Ce qu'il fait, et ce qu'il ne fait pas
Le Faying Protocol n'est pas une définition de la capacité d'un Fay, ni un code de conduite d'un Fay. C'est le sous-protocole au sein de la famille de protocoles iFay responsable de la sémantique du « contrôle sous tutelle et contrôle délégué », répondant à une question qui semble simple mais qui a été silencieusement répondue pendant des milliers d'années dans l'Ère de l'Opération Manuelle :
Pour cet acte, en ce moment, qui est finalement responsable ?
La réponse de l'Ère de l'Opération Manuelle était évidente — la personne dont la main opérait. À l'ère des Fays, cette réponse ne tient plus par défaut ; un contrat doit explicitement, vérifiablement et révocablement clarifier la réponse.
Le Faying Protocol abstrait le cœur de ce contrat en deux primitives interdépendantes.
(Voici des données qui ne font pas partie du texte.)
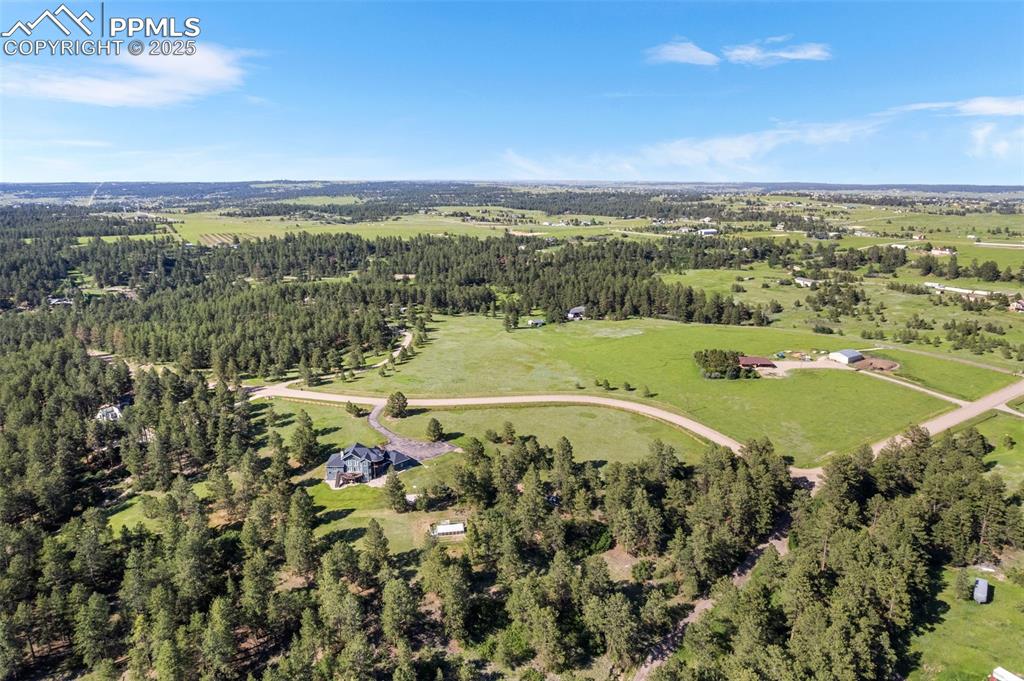 Image 41 of 46: Aerial view of property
Faying dénote qu'un Fay, un terminal ou une application logicielle est sous la tutelle d'un Human Prime ; une fois Faying établi, tous les actes du Fay sont attribués à ce Human Prime. Rogue State (Rogue Fay) dénote qu'un Fay n'est actuellement dans aucune relation Faying ; dans cet état, le Fay doit immédiatement cesser toute action vers l'extérieur — son existence est permise, son action ne l'est pas.
La relation entre ces deux primitives n'est pas un « interrupteur » technique ; c'est une ligne éthique inférieure dont la rupture ne peut être tolérée :
Il n'existe aucune action Fay sans partie responsable.
Le but entier pour lequel le Faying Protocol existe est de maintenir cette ligne inférieure techniquement et fidèlement assumée même après que les Fays saturent la société à grande échelle. Ce que les chapitres ultérieurs répondent n'est pas « avons-nous besoin de ce contrat » — la réalité y a déjà répondu — mais « comment faisons-nous atterrir ce contrat au niveau du protocole, dans la pratique d'ingénierie, et à travers les souverains et les fournisseurs en environnements de production ».